When we receive a new client it is important that we first look at the history of that website and ensure the on-page is perfect then move forward with generating brand awareness and building authority on a monthly basis.

Q) Have many of your clients been impacted by Panda 4.0, if so, what actions have you undertaken to recover?

A) This depends – we do get new clients coming to us that have seen a drop in rankings around the time of the Panda 4.0 release but as we make sure we clean everything up during the first month then I can state that not one of our existing clients was negatively affected by Panda 4.0. In fact we saw an increase in rankings on many campaigns.

Q) If you could advise an SME with little time or budget on one single task they can undertake to improve SEO performance, what would it be?

A) This is a good question as there are so many things but I would have to say that it is very important that their website is free from the basic SEO mistakes (lack of meta tags etc), displays quality unique content and is fully optimised for attainable keywords.

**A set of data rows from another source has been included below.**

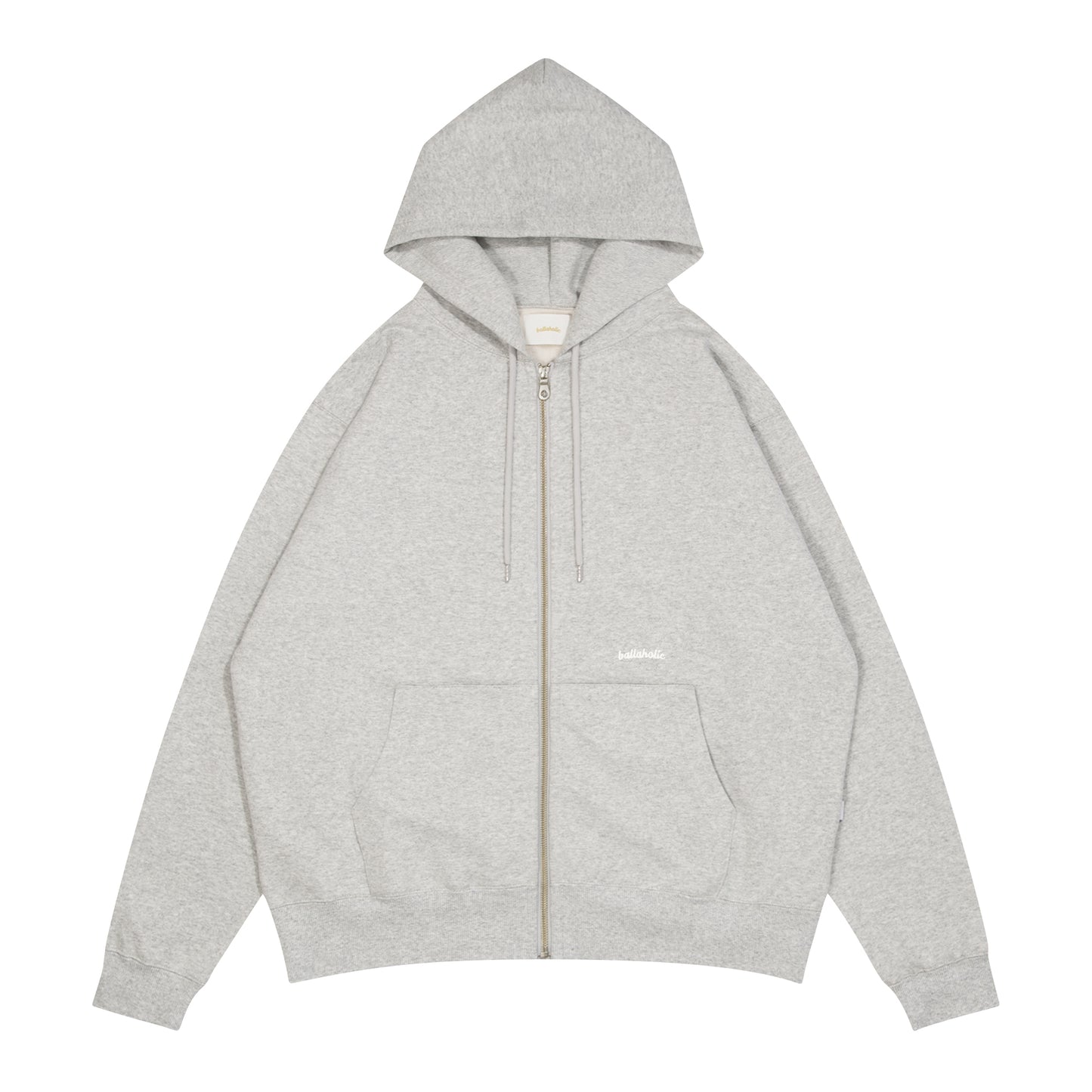 Small Logo Sweat Full Zip Hoodie (heather gray)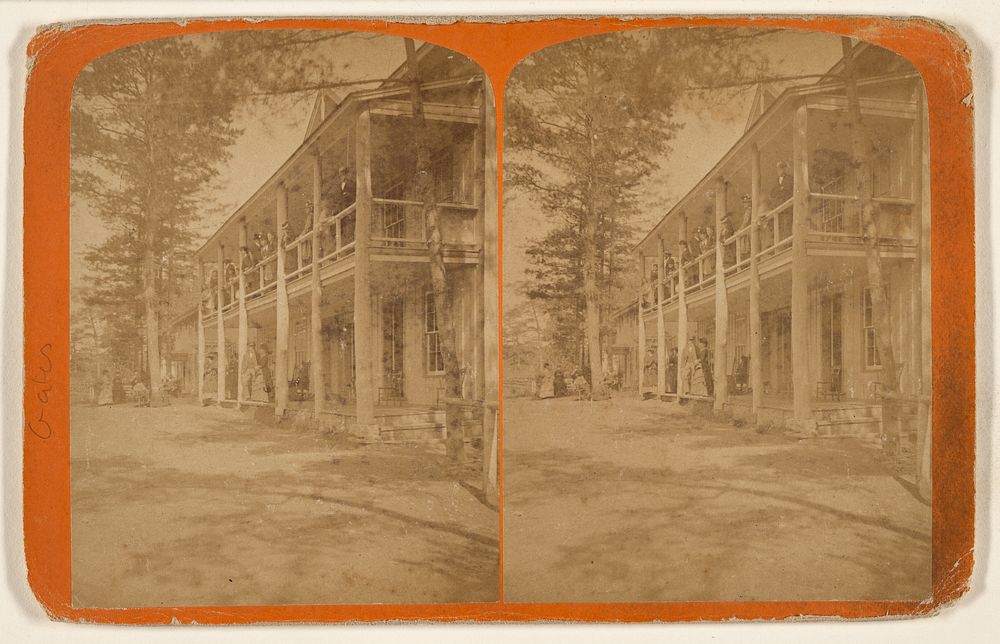 Hotel on North Cliff [Cayuga Lake, New York] by George F Gates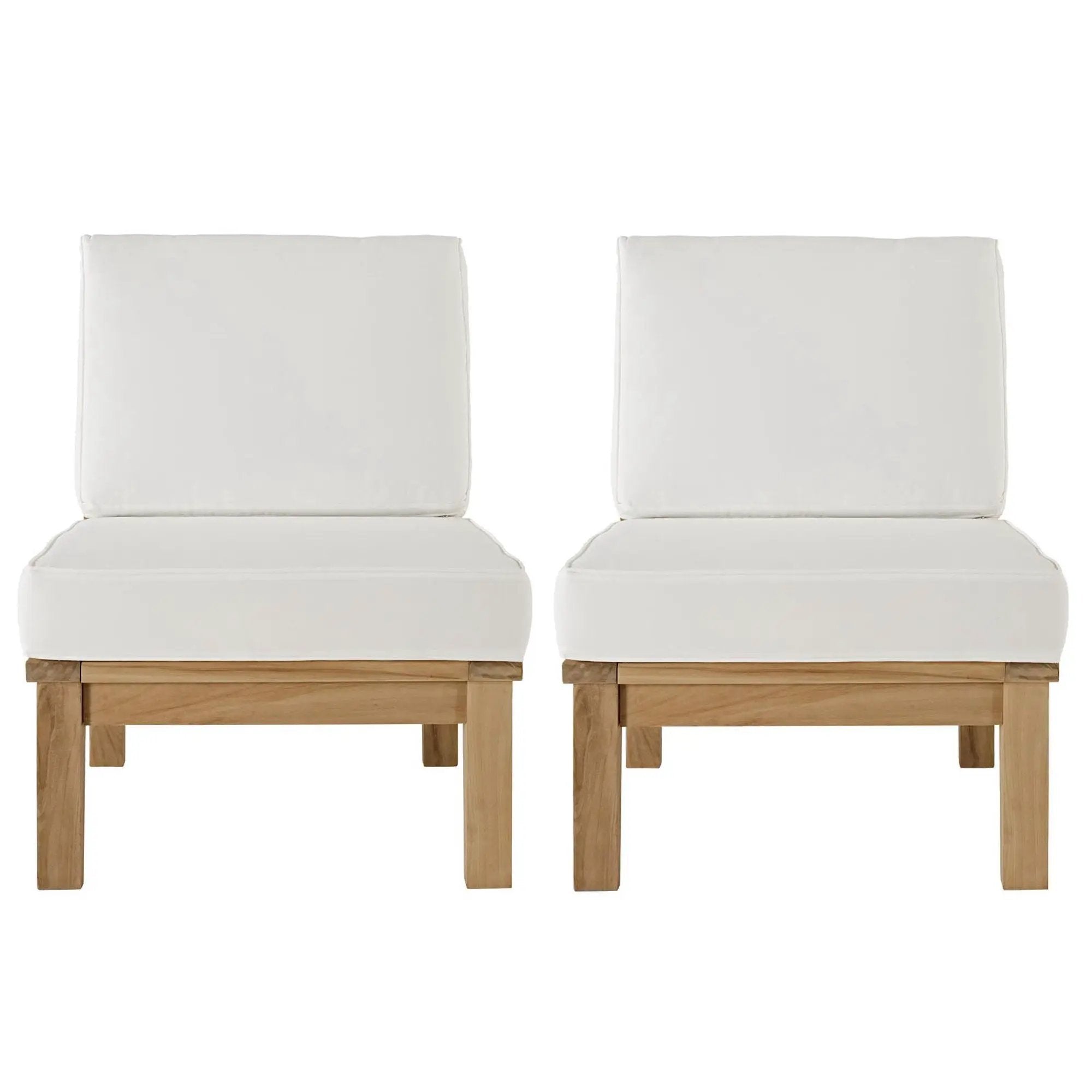 Marina 2 Piece Outdoor Patio Teak Set by Modway by HouseOfZazla
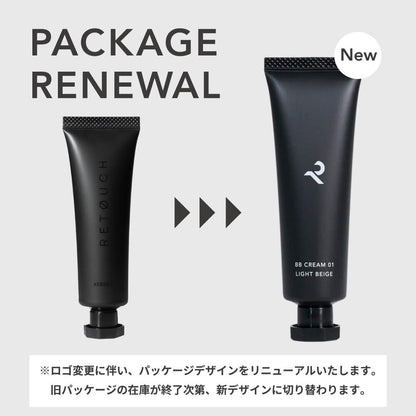 RETOUCH BB Cream for Men 30g with SPF32 for Natural Finish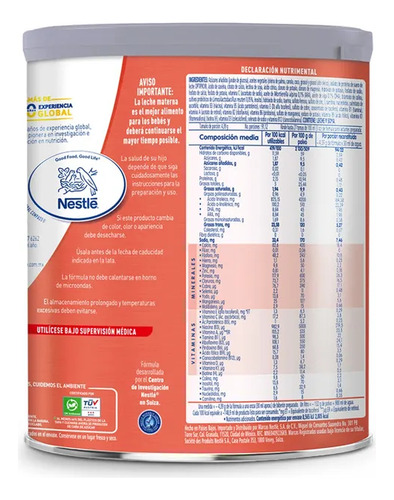 Nan Sin Lactosa 400g X 2 - Kit Doble De Fórmula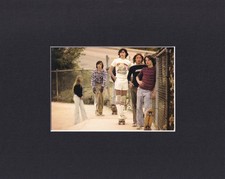 8X10 Matted Postcard Picture 1970s Skateboarding, Hugh Holland: Skate Park Men picture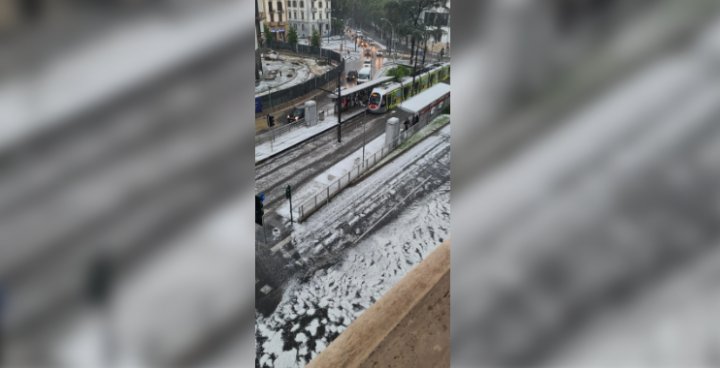 Inundații în Florența, după o ploaie torențială cu grindină (VIDEO)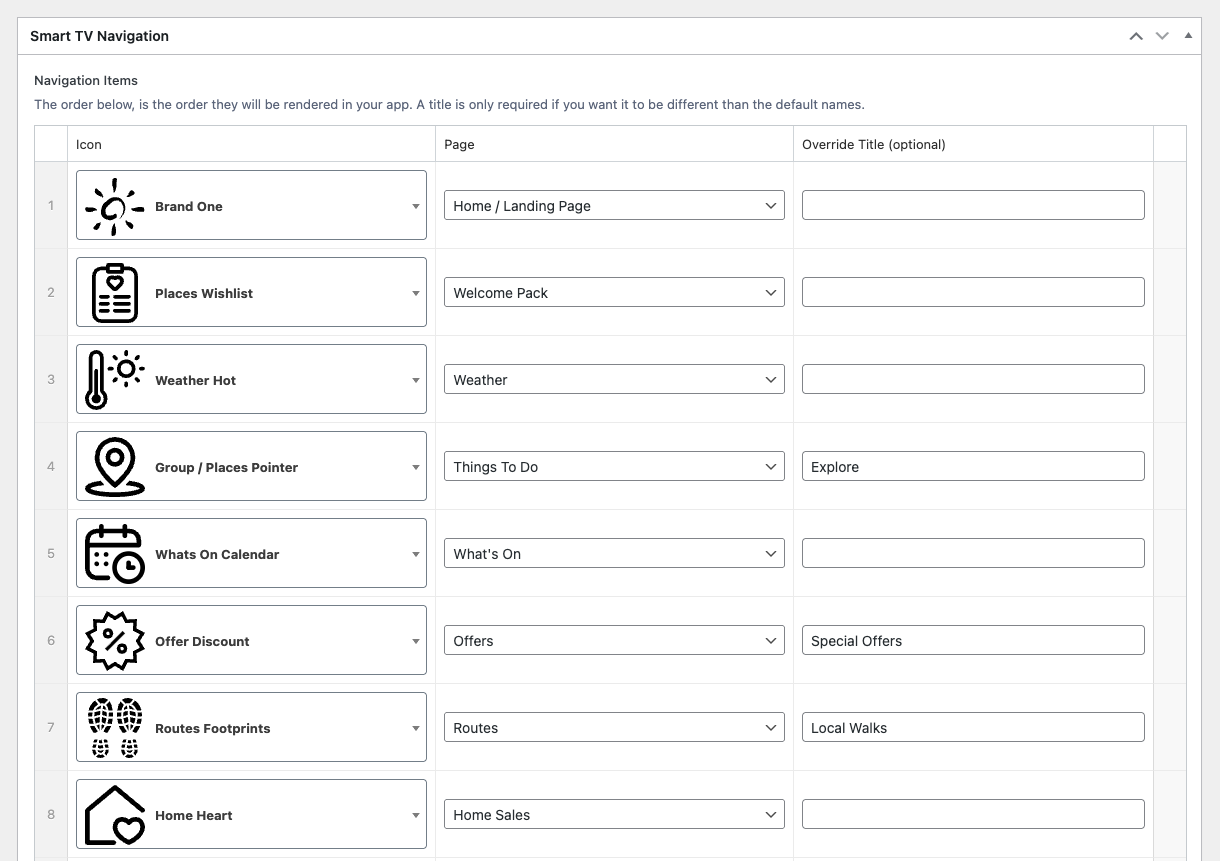 Customising and setting up your Android TV App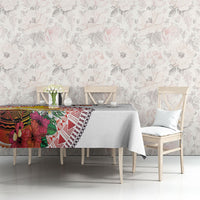 Hapi De Bilong Indipendens Papua New Guinea Tablecloth PNG Lime Pot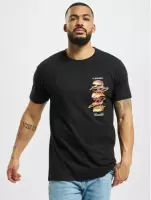 Mister Tee Heren Tshirt -XS- A Burger Zwart
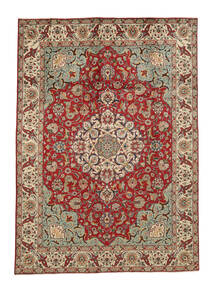  Orientalischer Täbriz Teppich Teppich 245X342 Dunkelrot/Braun (Wolle, Persien/Iran)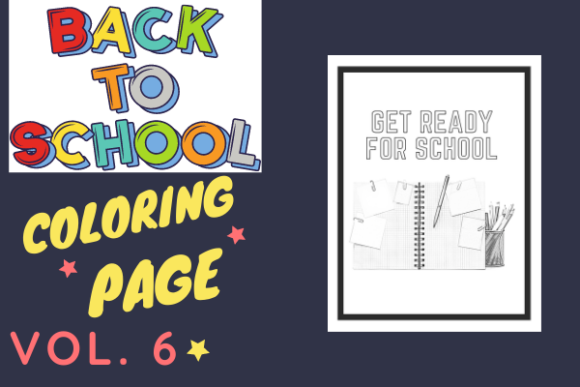 Back to School Coloring Pages for KDP Success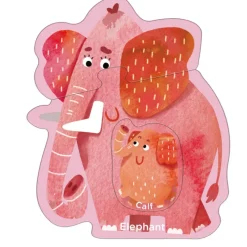 mierEdu, Puzzle 8x3 pcs - Step 1 - Animal Babies and Parents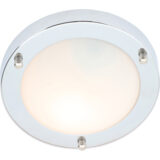 Delphi 12W LED Flush Bathroom Ceiling Light – IP44 Rated, Chrome Finish, 600lm, 4000K Cool White - Image 2
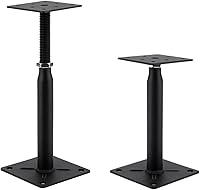 Vista 8 de Paquete de 2 gatos de soporte ajustables para el piso, base de cubierta, estabilizador de escalones de RV, mini gato de tornillo - poste de 4 a 7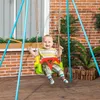 Outsunny 3-in-1-Babyschaukel mit abnehmbarer Rückenlehne, Produktbild-Vorschau 2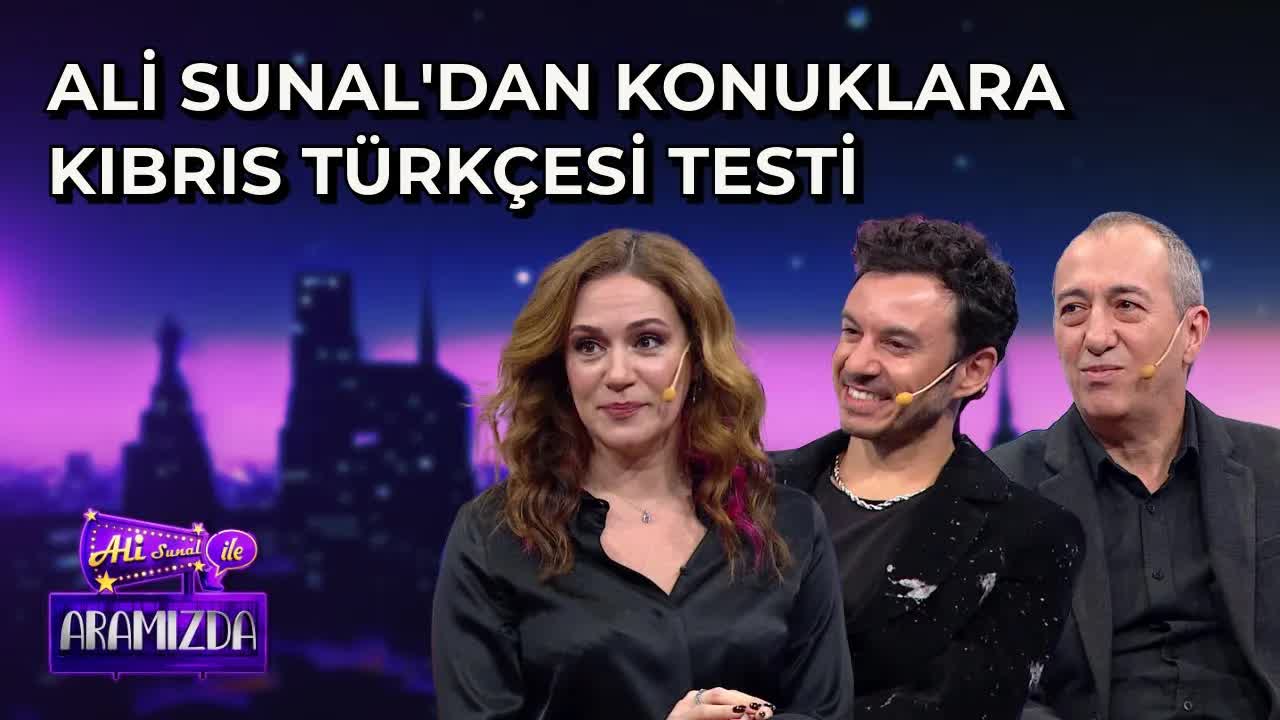 Ali Sunal'dan Kıbrıs Türkçesi Kelime Oyunu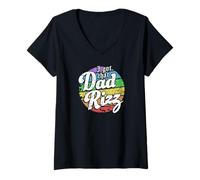 Mujer Tengo Ese papá Rizz Camiseta Cuello V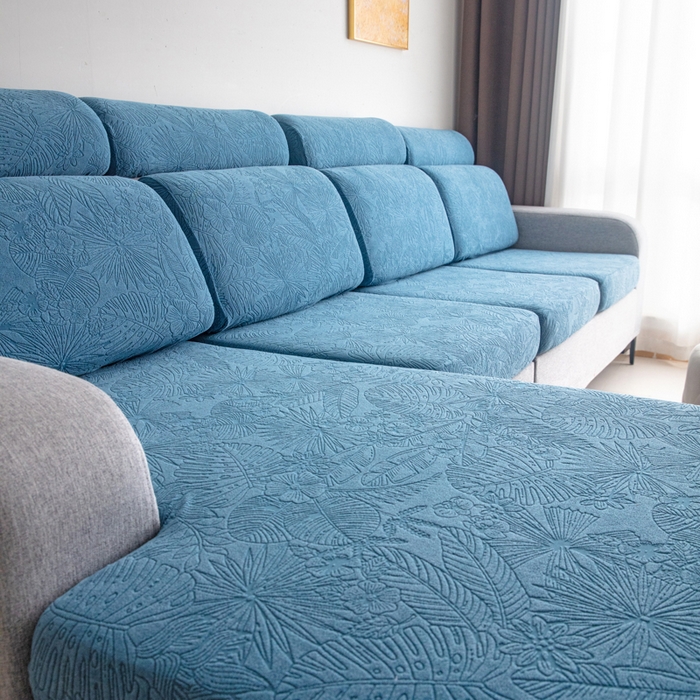 91家纺网 家纺一手货源 找家纺 千彤沙发垫 2025新款常规款-香山雨藤沙发笠 水蓝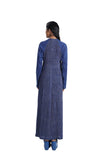 Handwoven Metallic Kinji Long Dress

Q) Content marketing, short-lived fad or here to stay?

A) With the increased exposure of inbound marketing, it is defiantly here to stay but people need to change the way they think about content marketing. Writing a blog post and posting it on Twitter once is not content marketing. It is time that people started writing about subjects their audience actually want to read.

Teamwork.com

Teamwork.com

Q) What are your favourite SEO/project management tools?

A) I use a selection of SEO tools which I use to complement each other. The first and one that many people ignore is Google Webmaster Tools. We still get many small business owners sign up with Wildshark who do not have webmaster tools attached to their website. It is a must and provides so much very useful information that can be used. As far as other SEO tools are concerned, I would have to say Moz beyond any other is my number one favourite for many reasons.

As far as project management tools goes, I have tried quite a few but have to say that using TeamWork to manage all our clients’ campaigns makes life so much easier.